Services / Design

Industrial
Design

Industrial Design is the process of designing a product or system with a key market or user in mind. We will work with you to understand your stakeholders and develop a marketable and usable product to suit.

CodeFish Studio members collaborating on a prototype

Bring Your
Idea to Life

As we do for our own products, we offer our knowledge to our clients who need to design a new idea or concept, we have the skills to bring that idea to life up to the prototype phase, ready for production.

Understand Your Market, Your Users, and You

A strong understanding of the market and users you are designing for is crucial to creating a successful and captivating product or service.

At the start of a project we will ensure that we understand who, what, and where we are designing for, understanding the user, the environment, and the system your product will interact with.

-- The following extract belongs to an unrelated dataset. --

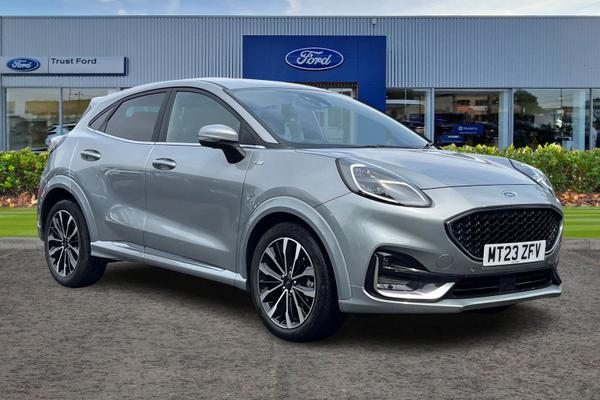 Used Ford PUMA MT23ZFV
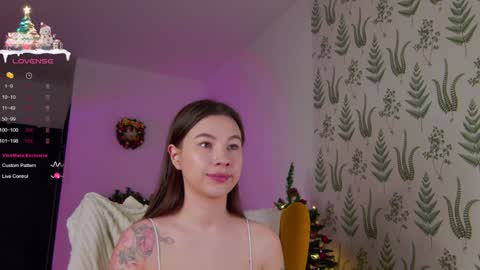 Marie LEAVE YOUR  WITH ME online show from 01.03.25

Understanding your brand will help us strengthen its visual identity in design, along with tailoring an experience to match a tone that resonates with your users. Remember, a great product markets itself.

Conceptualise

Whilst the market and users are an important aspect of product development, so is actually having a product. As part of the development process we will brainstorm, concept, and style a product to suit the user needs, market drivers, and your personal branding and philosophies.

Product development affects multiple stakeholders, we want to ensure everyone’s needs are met.

Prototype and Test

A product can never be considered ‘ready for market’ unless it has been tested. The concept phase allows us to pose questions and theories regarding how a product may function or fail.

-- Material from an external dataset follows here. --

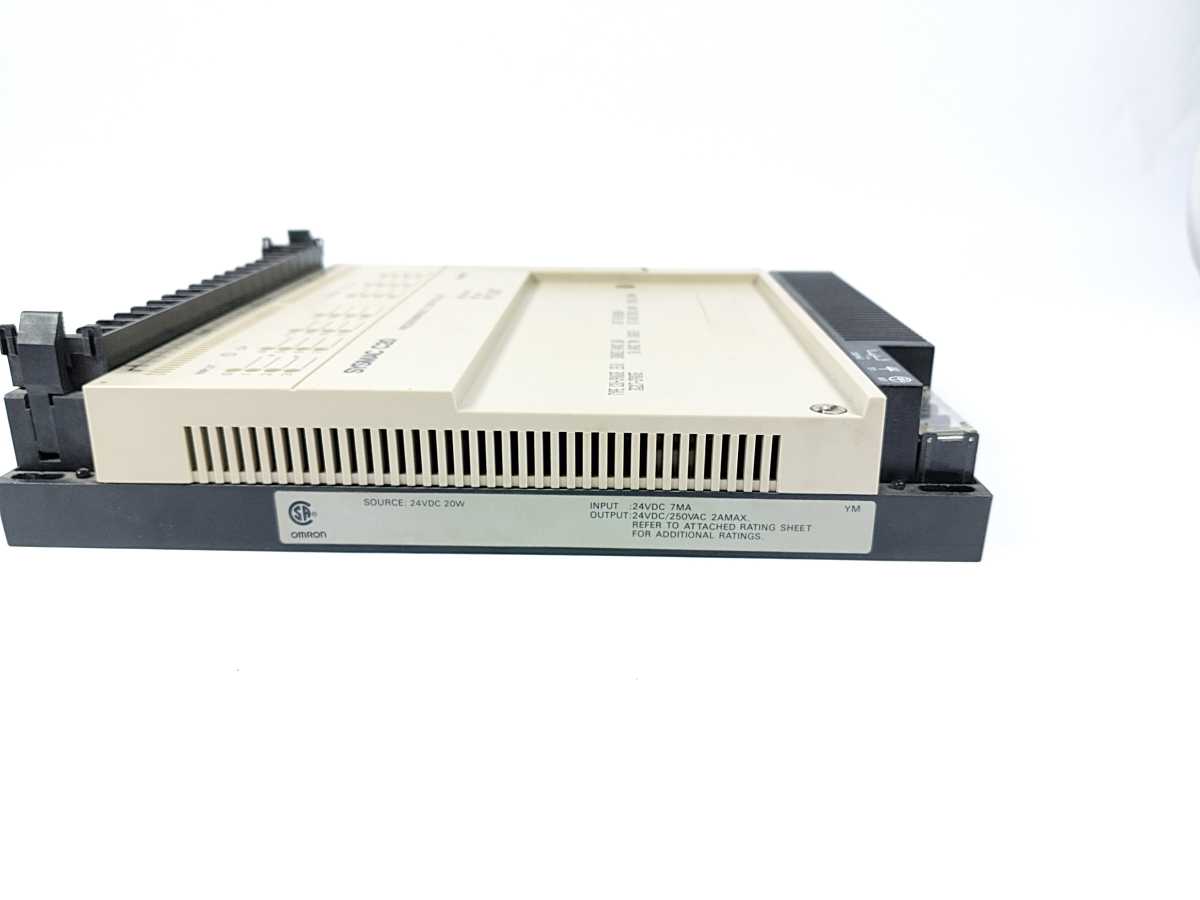 OMRON C20-CPU83E 3G2C7-CPU83E Programmable Controller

Prototyping allows us to test those theories through trial and error until we are confident with the product we are delivering. Can you truly be confident in an untested product?

Interact With Your Users

Understanding your user is important, but preliminary research only solves so much. Interacting with your user throughout the development phase of a project ensures they have a say in the product they are using.

Running workshops where we test prototypes, casually converse, and observe your consumers and how they interact with your product allows us to understand their drivers (wants, needs, motivations), and how best to tailor a product to them. If the design isn’t for you, it’s for them.

Discovery & Workshops

Understanding the product, the brand, the customer base, product users, and the market is crucial to delivering a product that meets stakeholder needs.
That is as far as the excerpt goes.